# Material shown:
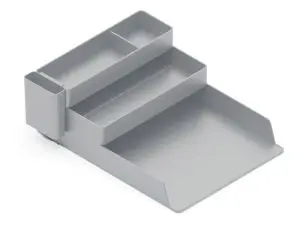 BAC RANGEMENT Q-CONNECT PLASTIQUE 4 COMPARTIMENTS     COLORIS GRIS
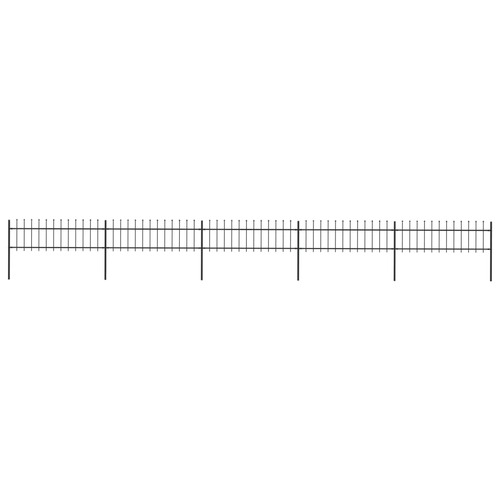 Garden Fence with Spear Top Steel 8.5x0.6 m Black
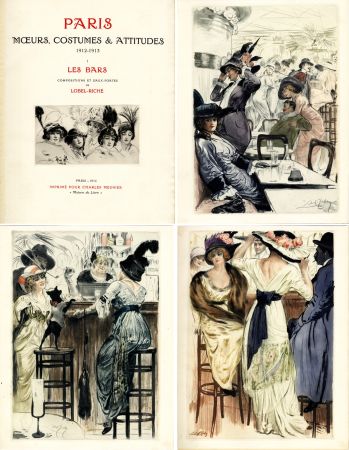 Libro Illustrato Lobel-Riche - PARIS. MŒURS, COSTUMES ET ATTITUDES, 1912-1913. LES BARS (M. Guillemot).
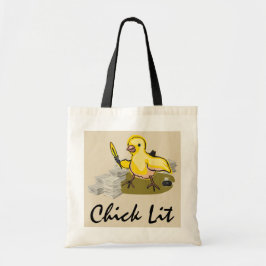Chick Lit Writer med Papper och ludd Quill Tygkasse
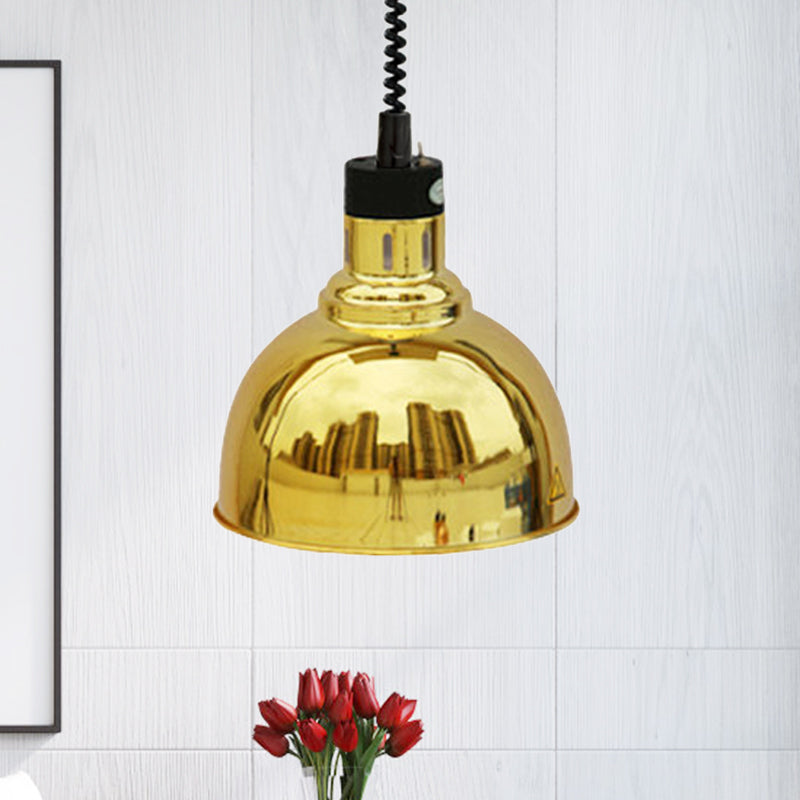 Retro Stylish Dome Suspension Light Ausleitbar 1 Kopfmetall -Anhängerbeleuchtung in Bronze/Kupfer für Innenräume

# Task statement:
Wherever an image appears in the data, omit it and repeat everything else exactly.

# Solution to the problem:
 BAC RANGEMENT Q-CONNECT PLASTIQUE 4 COMPARTIMENTS     COLORIS GRIS
 Garden Fence with Spear Top Steel 8.5x0.6 m Black
 Libro Illustrato Lobel-Riche - PARIS. MŒURS, COSTUMES ET ATTITUDES, 1912-1913. LES BARS (M. Guillemot).
Chick Lit Writer med Papper och ludd Quill Tygkasse
 Retro Stylish Dome Suspension Light Ausleitbar 1 Kopfmetall -Anhängerbeleuchtung in Bronze/Kupfer für Innenräume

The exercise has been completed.